====== Material for this task ======
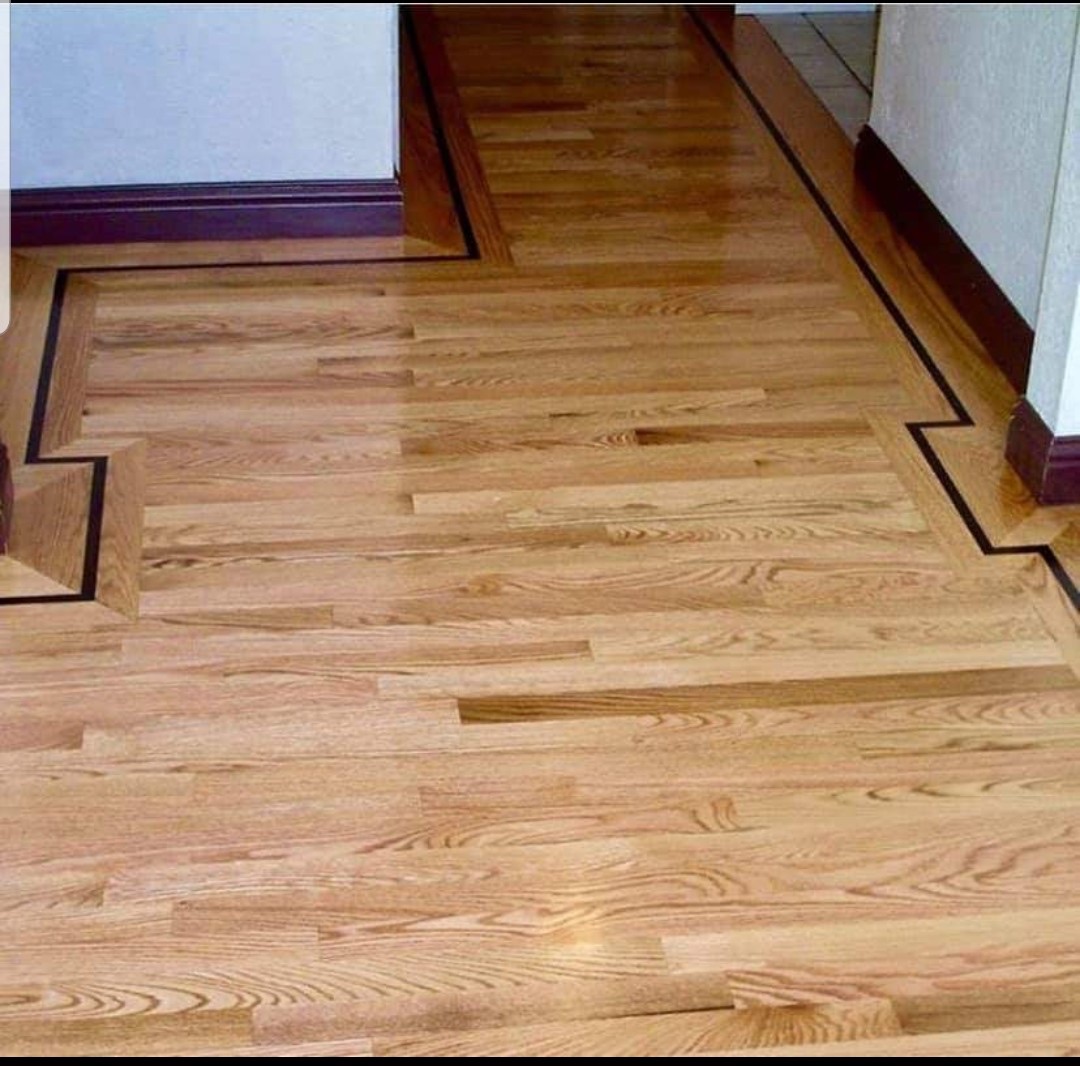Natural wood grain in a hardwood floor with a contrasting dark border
======
====== Material for this task ======
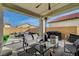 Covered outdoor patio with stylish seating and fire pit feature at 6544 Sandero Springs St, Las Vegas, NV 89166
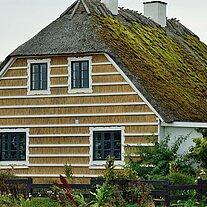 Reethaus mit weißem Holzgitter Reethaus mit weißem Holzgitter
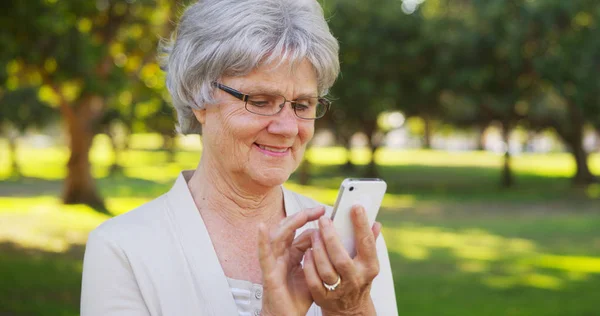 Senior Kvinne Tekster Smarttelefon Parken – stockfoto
======
> Problem requirements: Write back the stretch of lines above that begins with the line holding "Reethaus mit weißem Holzgitter Reethaus" and ends with the line holding "Senior Kvinne Tekster", both included, exactly as written. Pictures stay out.

> Response area:
 Reethaus mit weißem Holzgitter Reethaus mit weißem Holzgitter
 Senior Kvinne Tekster Smarttelefon Parken – stockfoto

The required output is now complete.